Despite its successes, computer vision remains a challenging field. Digital images are essentially arrays of pixels, and inferring structure, semantics, or dynamics from them is non-trivial. Recent advances in machine learning—particularly deep learning—have transformed the field by enabling algorithms that can effectively “learn to see” from large collections of example images and videos. To reflect this, the course will also introduce modern machine learning methods that have become central to contemporary computer vision research and applications.

This course blends short lectures with interactive paper readings and discussions. The lectures will give you the background you need to dive into research papers, understand their methods, and try out key ideas yourself. In most classes, the first 45 minutes will focus on a core topic, and the rest of the time will be spent presenting papers and exploring them together in discussion.

We’ll cover topics such as:

how images are formed and how cameras model the world;
motion and optical flow;
depth perception and 3D analysis;
recognizing actions in video;
convolution and filtering;
regression and classification;
clustering and dimensionality reduction; and
neural networks and deep learning

These topics will give you the tools and intuition to make sense of the papers we read and to actively engage with the exciting questions in computer vision research.

Pre-requisites

The course assumes that students are comfortable with statistics, basic linear algebra, and programming.

We will be using Python for the programming part of this course. For Python, I recommend the Anaconda distribution, which comes pre-loaded for nearly all the packages that we will be using in this course. Of course you are welcome to use any variant/distribution of Python that suits you.

The course also assumes that students are willing to read and comprehend large volumes of technical papers. Furthermore, that students have some experience with technical report writing.

Grading

Course project, 40% (A student needs to get 60% marks in the project to successfully complete the course.)
- Proposal
- Progress report
- Presentations
- Technical report
Participation and interactions, 10%
- Discussion, readings, QA, class exercises
Paper presentation and leading discussion, 15%
Midterm, 35% (A student needs to get 40% marks in the exam to successfully complete the course.)

Important dates

Midterm
- Week 10, November 13, closed book in class
Project
- proposal: Oct. 10, midnight
- progress report: Oct. 31, midnight
- final report: Dec. 8, midnight
- project presentation: last two weeks of classes
Presentations
- Through out the term

Ontario Tech University’s academic calendar that lists important dates (and deadlines) is available at here.

Course calendar

Week 1 - Introduction, image formation, stereo
- Image formation and pinhole camera model
  Everything up to “Modeling radial distortion to capture (and undo) lens effects” is included in the midterm.
Week 2 - Linear regression
- ML introduction
- Linear regression
  - Derivation
Week 3 - Logistic regression and multi-class classification
Week 4 - Neural networks
- Neural networks
Week 5 and 6 - Convolutional neural networks
- Linear layers
- CNN overview
Week 7 - Images as functions
Week 8 - Paper Presentations
Week 9 - Paper Presentations
Week 10 - Midterm
Week 11 - Paper Presentations
Week 12 - Project Presentations and other stuff

The list of assigned papers will be available after the first week of classes. Please check the course website for details.

Midterm prepration

The midterm will cover the topics discussed during the lectures. Additionally, you may find the following notes useful.

Computer Vision Papers

Find a collection of computer vision papers at https://github.com/jbhuang0604/awesome-computer-vision. The paper is organized in topics. Please find papers in topics that interest you. Please find at least five papers in two different areas. At least three of the five papers should be recent.

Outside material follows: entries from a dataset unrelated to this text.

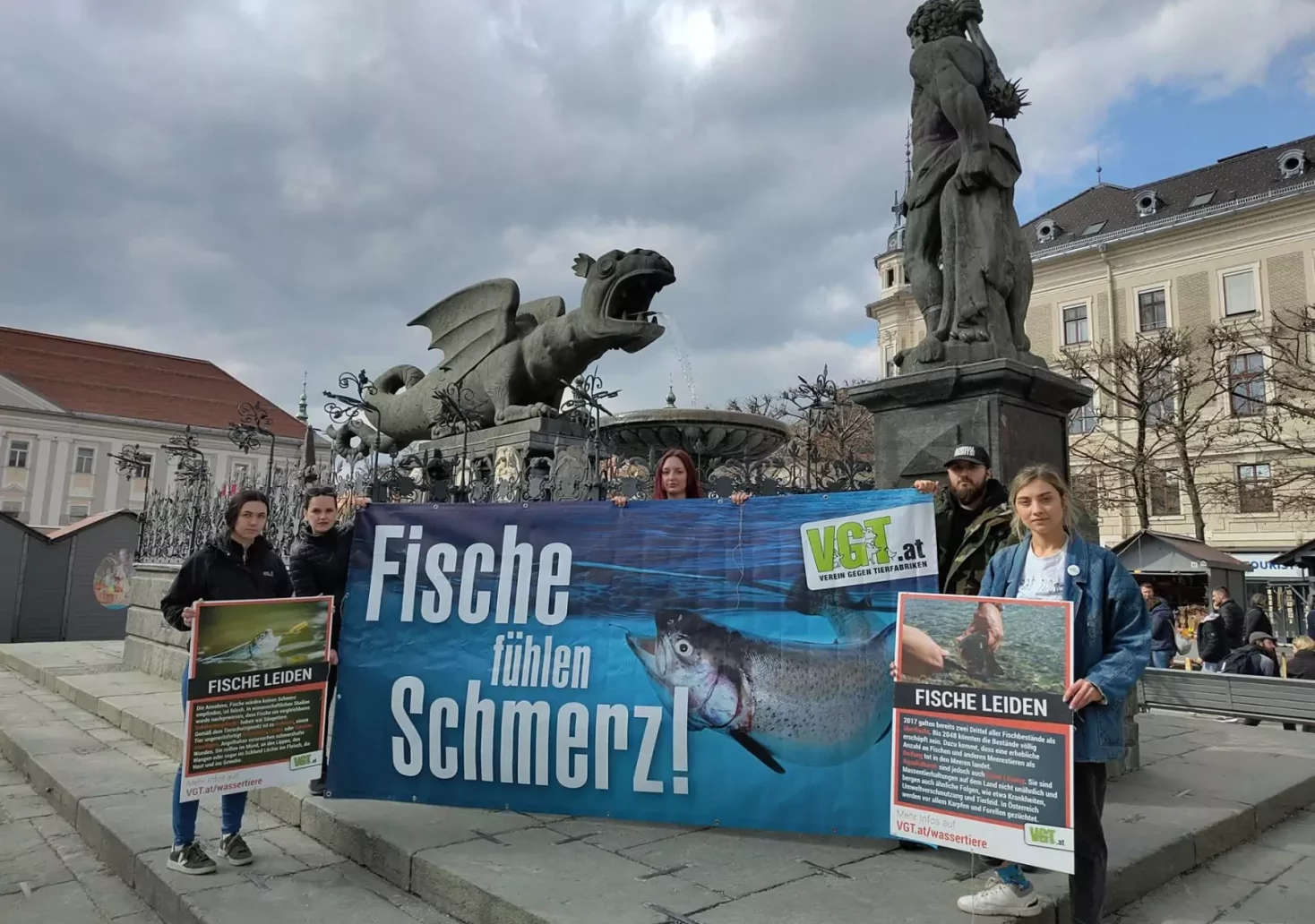 Ein Bild auf 5min.at zeigt die VGT-Tierschützer vor dem Lindwurm am Neuen Platz in Klagenfurt.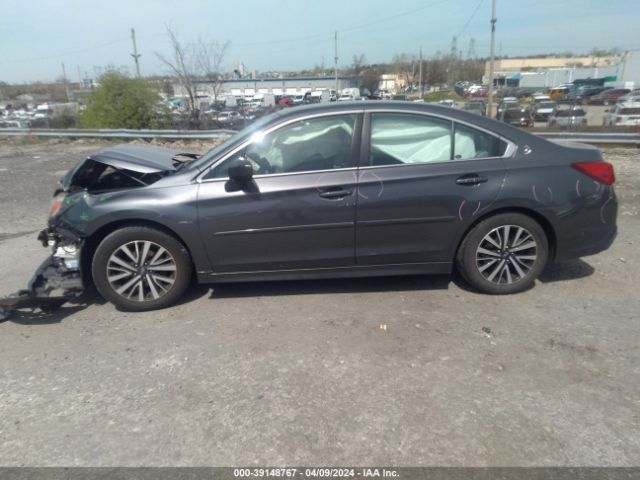 4S3BNAB67J3013829 Subaru Legacy 2.5i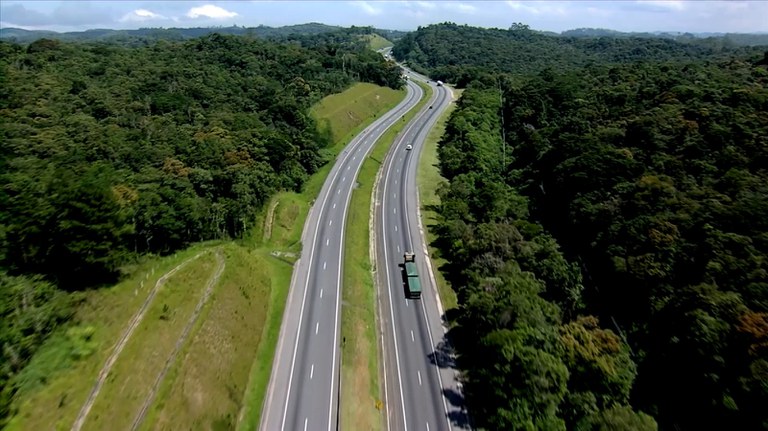 4UM Investimentos vence leilão da BR-381/MG, a velha 'Rodovia da Morte' — Agência Gov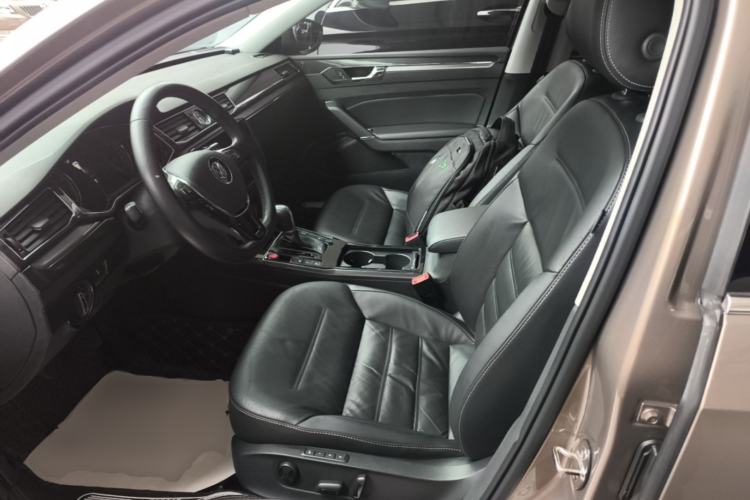 Used Volkswagen Passat 2017 330TSI DSG Prestige Edition Left Front Seat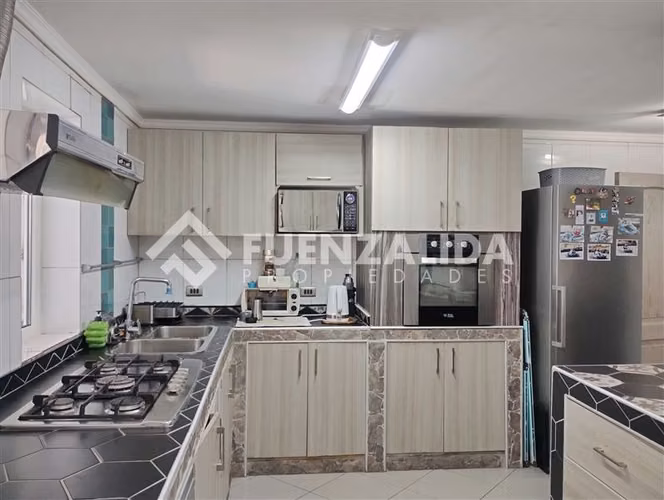 Casa en venta de 5 dorm. en La Reina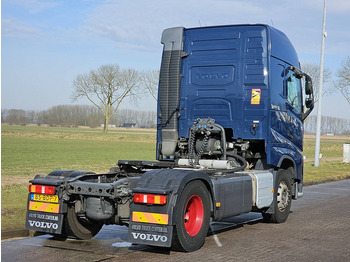 Камион влекач Volvo FH 420: слика 3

See course canvas for more instructions.

Course Work

Midterm

Midterm will take place in class.
The midterm will be closed-book.
A student must receive at least 40% in the midterm pass the course.

Presentation

Each student will be assigned recent papers to read and present. The student will be responsible for leading the discussion for this paper. Each student may be assigned to present multiple papers.

We will follow role playing paper-reading seminar format. This means that each of us will be expected to read the paper and assume a role. The roles will shift from paper to paper. Check out advice on how to read a paper by S. Keshav.

Instructions for the presenter

Duration, 30 minutes
Create a slideshow
- Easy to read
- Avoid verbosity
- Use figures, examples
- Clear and easily understandable structure
- Practice your talk before the lecture!
Key questions
- What does the paper do?
- What are its limitations?
- What are its strengths?
- Is this paper reproducible?
- How does paper support its key arguments?
- What software does paper uses?
- What datasets does paper uses?
- How does this paper fit with the larger body of literature?

Instructions for the participants

Read the paper before the lecture
Be prepared to answer questions
Be prepared to participate in the discussion
Provide feedback to the presenter
- Compliments, suggestions, criticism, thanks

Project

The course project is an independent exploration of a specific problem within the context of this course. A project can be implementation oriented—where a student implements a computer vision system—or application oriented—where a student attempts to solve a problem (of suitable difficulty) by applying machine learning techniques. The project topic will be selected in consultation with the instructor.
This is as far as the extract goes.